On November 27, 2014, ahead of the film's US release, The New York Times reprinted the original 1942 crossword puzzle from The Daily Telegraph used to recruit code breakers at Bletchley Park during World War II. Entrants who solved the puzzle could mail in their results for a chance to win a trip for two to London and a tour of the famous Bletchley Park facilities.
Winston Churchill is supposed to have said that the Bletchley Park code-breakers "were the geese that laid the golden eggs", implying that they had made the one of the greatest contributions to victory over the Nazis.
In an interview with USA Today, Benedict Cumberbatch said of Turing's Royal Pardon, "The only person who should be pardoning anybody is him (Turing).
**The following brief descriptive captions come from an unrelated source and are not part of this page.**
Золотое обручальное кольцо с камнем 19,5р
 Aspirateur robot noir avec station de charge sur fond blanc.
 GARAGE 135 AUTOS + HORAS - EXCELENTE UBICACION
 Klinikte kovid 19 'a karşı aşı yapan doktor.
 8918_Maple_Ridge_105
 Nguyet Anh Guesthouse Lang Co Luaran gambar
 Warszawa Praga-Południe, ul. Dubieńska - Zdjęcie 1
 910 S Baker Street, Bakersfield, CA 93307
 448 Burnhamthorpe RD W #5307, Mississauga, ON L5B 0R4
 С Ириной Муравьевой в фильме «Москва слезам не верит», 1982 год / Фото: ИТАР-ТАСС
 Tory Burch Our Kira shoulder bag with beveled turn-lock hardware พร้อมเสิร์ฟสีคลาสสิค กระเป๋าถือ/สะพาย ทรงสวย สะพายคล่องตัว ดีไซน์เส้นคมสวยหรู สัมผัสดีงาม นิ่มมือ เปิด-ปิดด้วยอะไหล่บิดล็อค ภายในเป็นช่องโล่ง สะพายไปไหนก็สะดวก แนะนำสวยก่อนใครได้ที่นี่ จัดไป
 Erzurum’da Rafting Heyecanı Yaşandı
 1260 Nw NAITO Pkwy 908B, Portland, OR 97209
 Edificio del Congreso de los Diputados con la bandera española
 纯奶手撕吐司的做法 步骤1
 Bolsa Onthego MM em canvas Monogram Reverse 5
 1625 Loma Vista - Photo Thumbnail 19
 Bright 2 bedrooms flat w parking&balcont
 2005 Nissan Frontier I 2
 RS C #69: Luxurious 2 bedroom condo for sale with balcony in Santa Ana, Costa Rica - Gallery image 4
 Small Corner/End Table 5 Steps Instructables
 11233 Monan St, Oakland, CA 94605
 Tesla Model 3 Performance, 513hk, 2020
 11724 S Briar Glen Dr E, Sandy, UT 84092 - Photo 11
Hopefully, the film will bring to the fore what an extraordinary human being he was and how appalling (his treatment by the government was). It's a really shameful, disgraceful part of our history."
Benedict Cumberbatch confessed that in one of the final scenes of the film, he couldn't stop crying and had a breakdown. It was, as he said, "Being an actor or a person that had grown incredibly fond of the character and thinking what he had suffered and how that had affected him."